Requirement =>
No pictures, nothing altered: return the data below.

[[ Data shown, beginning ]]

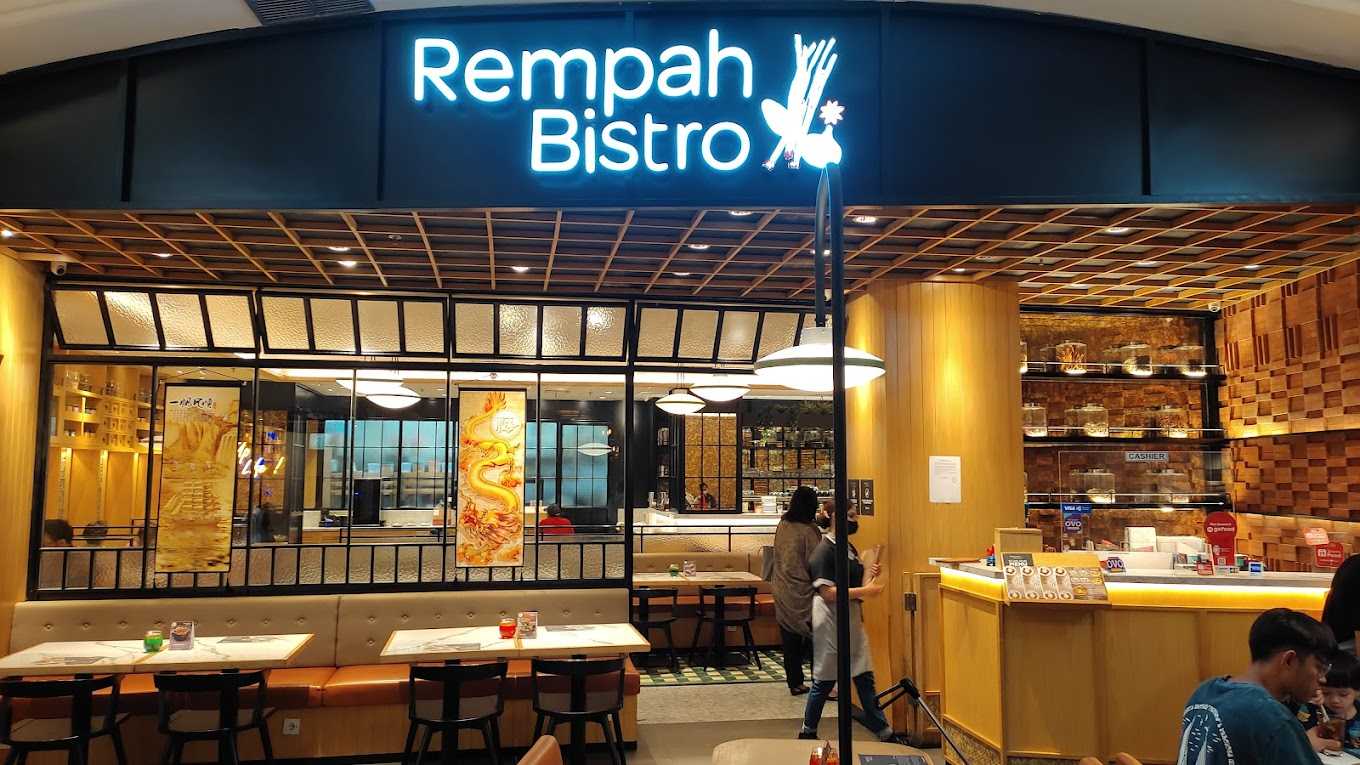 Rempah Bistro - Pondok Indah Mall 2 1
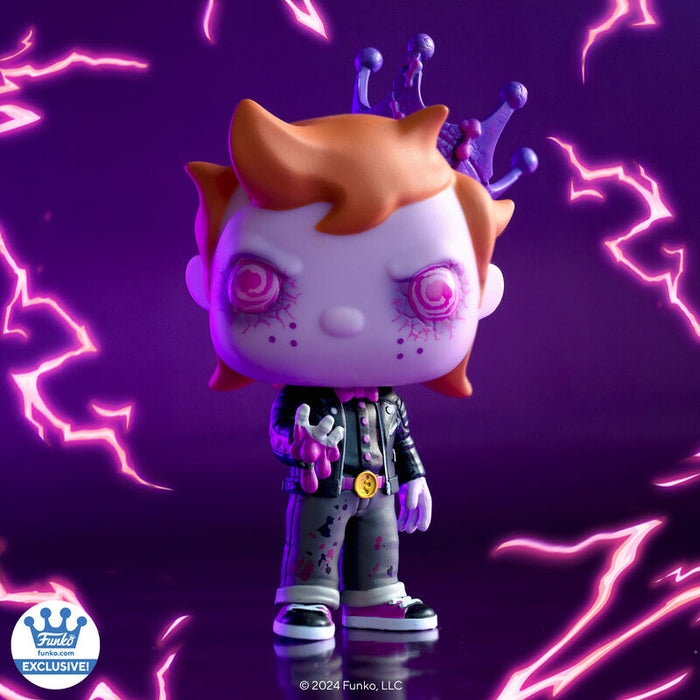 Funko Pop Funko Fusion: Eddy Funko - Funkoshop Exclusive (1010)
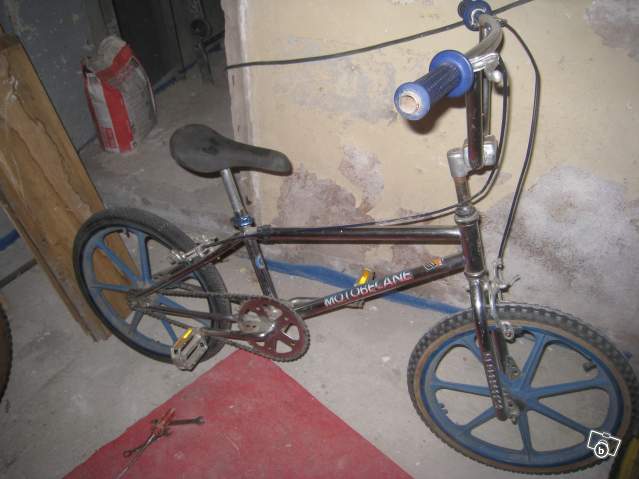 Velo bmx decathlon occasion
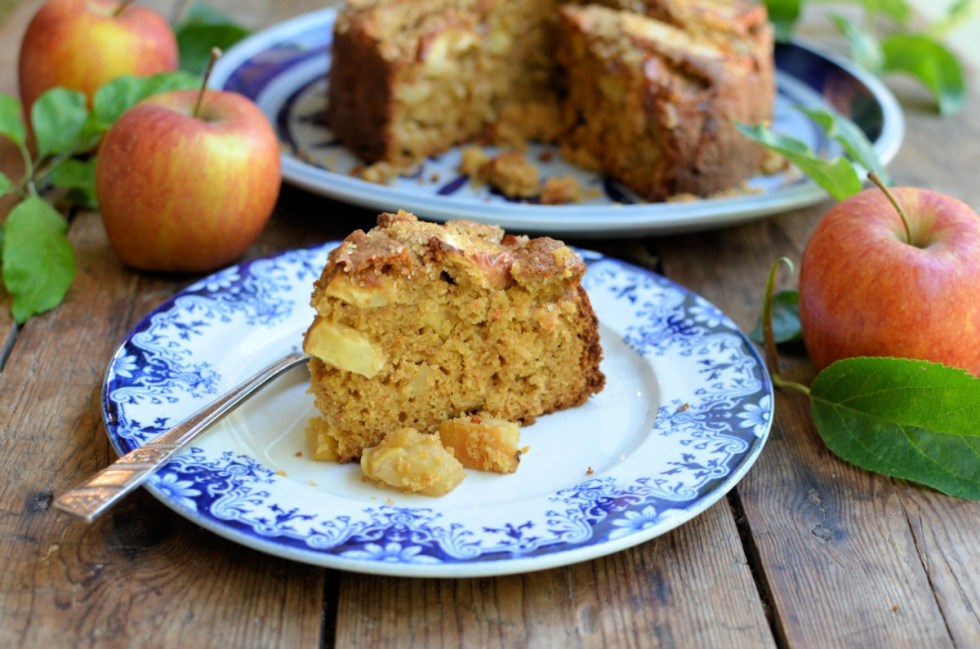 Apple Cake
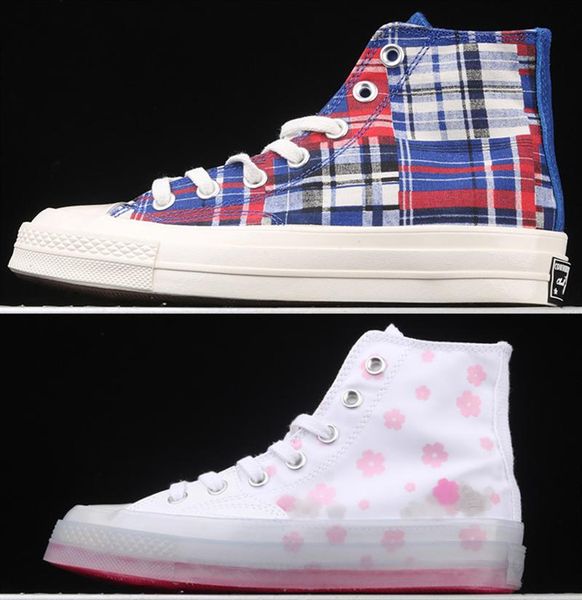 1970s chuck cherry blossom canvas plaid shoes pink flowers twisted prep white jelly taylor 1970s mens women casual platform sneaker, White;red
1970s chuck cherry blossom canvas plaid shoes pink flowers twisted prep white jelly taylor 1970s mens women casual platform sneaker, White;red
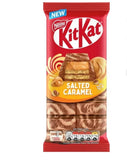 KitKat Salted Caramel  -  كراميل شوكلاتة كيتكات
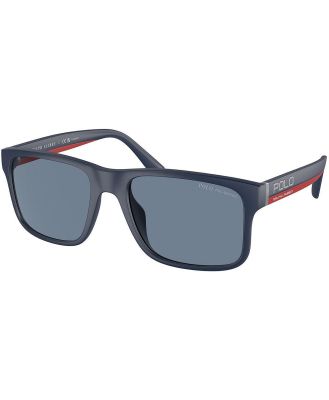 Polo Ralph Lauren Sunglasses PH4195U Polarized 59042V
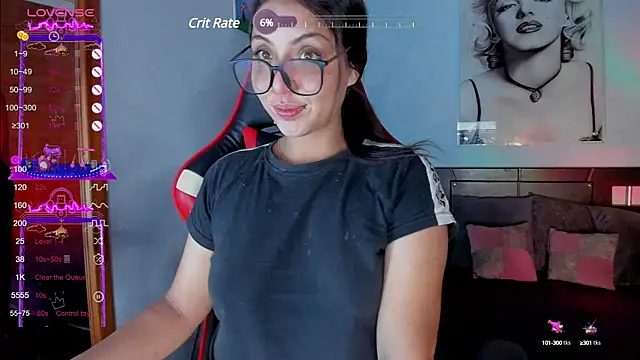 KetziaDoll online show from 01.07.25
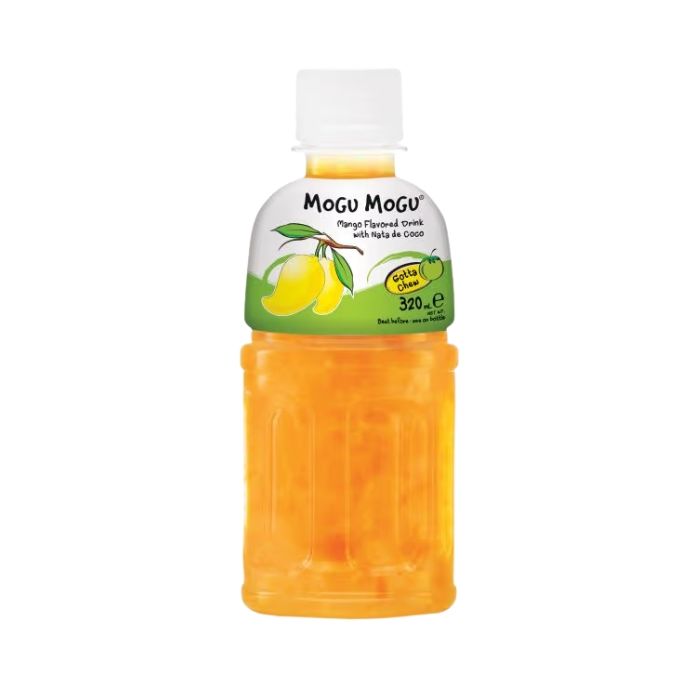 Mogu Mogu Mango Drink 320ml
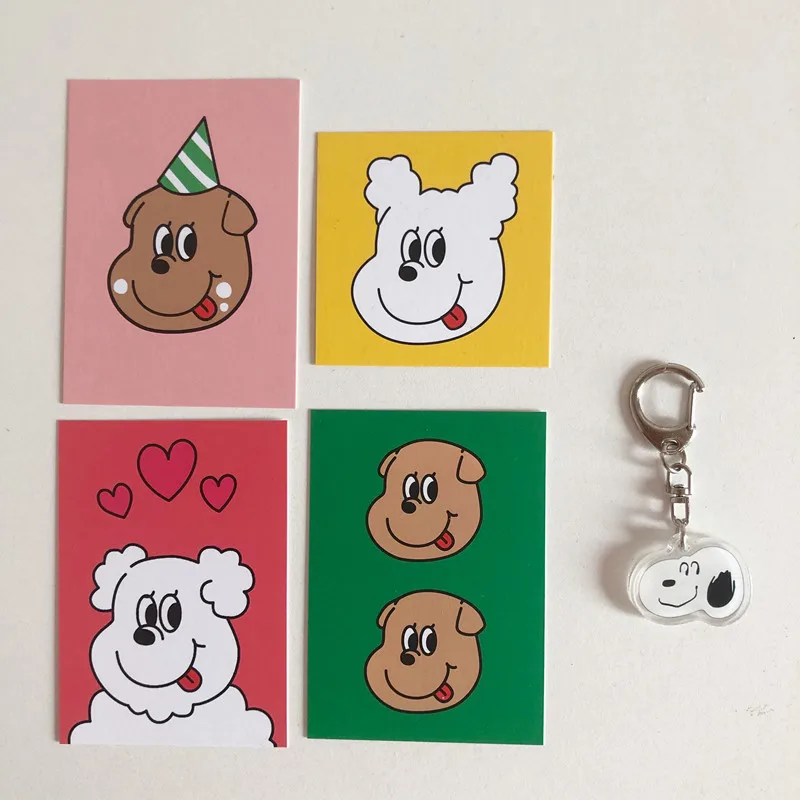 Новинка 2020 милый мультяшный брелок для девочек ключей в виде машины или сумки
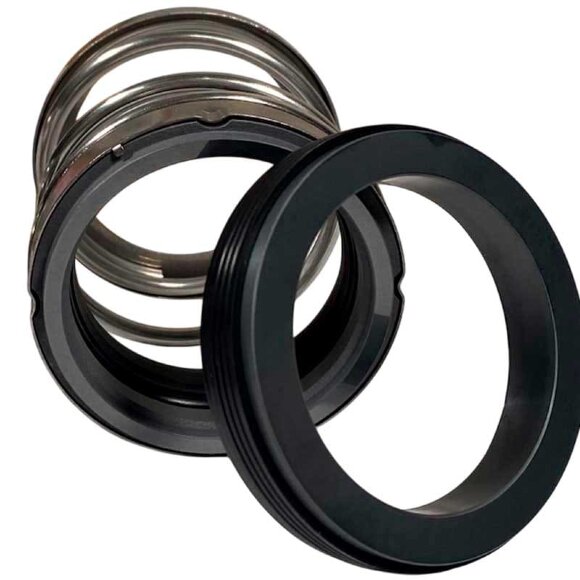 Mechanical seal for pump shaft R-21 55, CAR/SIC, EPDM, 304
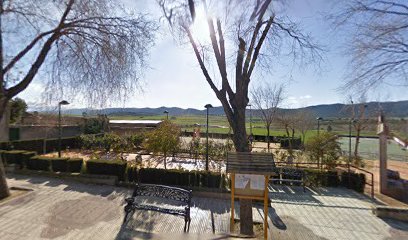 Imagen de Parque situado en Puertollano, Ciudad Real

[[ Data shown, end ]]

Answer below =>
 Rempah Bistro - Pondok Indah Mall 2 1
 Funko Pop Funko Fusion: Eddy Funko - Funkoshop Exclusive (1010)
 Velo bmx decathlon occasion
 Apple Cake
 1970s chuck cherry blossom canvas plaid shoes pink flowers twisted prep white jelly taylor 1970s mens women casual platform sneaker, White;red
1970s chuck cherry blossom canvas plaid shoes pink flowers twisted prep white jelly taylor 1970s mens women casual platform sneaker, White;red
 KitKat Salted Caramel  -  كراميل شوكلاتة كيتكات
 Polo Ralph Lauren Sunglasses PH4195U Polarized 59042V
 KetziaDoll online show from 01.07.25
 Mogu Mogu Mango Drink 320ml
 Новинка 2020 милый мультяшный брелок для девочек ключей в виде машины или сумки
 Mechanical seal for pump shaft R-21 55, CAR/SIC, EPDM, 304
 Imagen de Parque situado en Puertollano, Ciudad Real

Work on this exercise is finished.